Hop in, and there is surprising room inside--good shoulder room, although your left arm is more comfortable crooked on the door sill, and enough cabin space that you can still maintain intimacy without constantly rubbing elbows. Your author is generally built for the stereotypical Italian driving position--meant for stubby legs and gorilla-length arms--but the recently re-done seats here prop us up too high: My knees are wrapped around the Nardi wheel rather than under it, and my forehead is above the top of the windscreen.

Twist the key, let the growly, burbly MT4 settle into its 1,100 RPM idle, and we're off. Now, one ton of curb weight or not, the 100hp on tap isn't about to put anyone's neck out of joint--not with a quarter-ton of humanity sitting in the seats--but the flexibility and smoothness are both notable here: From 2,000 RPM clear up through the redline, the little twin-cam four pulls without stutter or fuss. Shifting that gigantic stick isn't the muscle-wrenching exercise we had anticipated, instead rewarding us with a delightful mechanical snick as we change, and the clutch is well-weighted and takes up smoothly in the middle of its travel.

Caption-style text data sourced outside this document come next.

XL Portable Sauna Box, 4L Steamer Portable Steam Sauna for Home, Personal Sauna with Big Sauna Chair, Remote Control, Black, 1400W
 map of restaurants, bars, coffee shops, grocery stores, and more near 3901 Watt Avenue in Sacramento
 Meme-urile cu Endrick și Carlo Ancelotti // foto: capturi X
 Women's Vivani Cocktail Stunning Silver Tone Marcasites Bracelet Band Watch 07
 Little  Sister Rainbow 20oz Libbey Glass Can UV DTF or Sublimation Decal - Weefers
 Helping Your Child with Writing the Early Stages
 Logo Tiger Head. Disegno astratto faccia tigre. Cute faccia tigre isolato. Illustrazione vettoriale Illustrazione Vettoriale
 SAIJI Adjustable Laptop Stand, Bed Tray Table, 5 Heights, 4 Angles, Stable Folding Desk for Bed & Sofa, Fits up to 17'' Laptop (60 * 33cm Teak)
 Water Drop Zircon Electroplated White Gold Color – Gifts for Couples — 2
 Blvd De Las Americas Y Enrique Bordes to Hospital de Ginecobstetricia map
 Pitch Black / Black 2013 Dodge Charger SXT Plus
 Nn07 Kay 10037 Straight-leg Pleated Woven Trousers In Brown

While the low-speed ride is a little on the choppy side over the so-so pavement on California's Pacific Coast Highway, things smooth out considerably at speed on the open road. We concur with Car and Driver's thoughts on the chassis attitudes in corners: A unit-body street car on 165-section tires has no right cornering as flat as this one does. And before we slipped behind the wheel for our spin, we worried slightly about the steering--all of those links, from the firewall-mounted steering box to the connecting rods to the idler arm to the drop arm connected to the track rods, look slightly Rube Goldberg and leave a lot of opportunity for slop. Turns out our fears are for naught: Other than a few degrees either side of the straight-ahead, the steering is never an issue. We are caught out once--we misjudge the steering's ferocity and end up steering into the wrong lane, but that is operator error.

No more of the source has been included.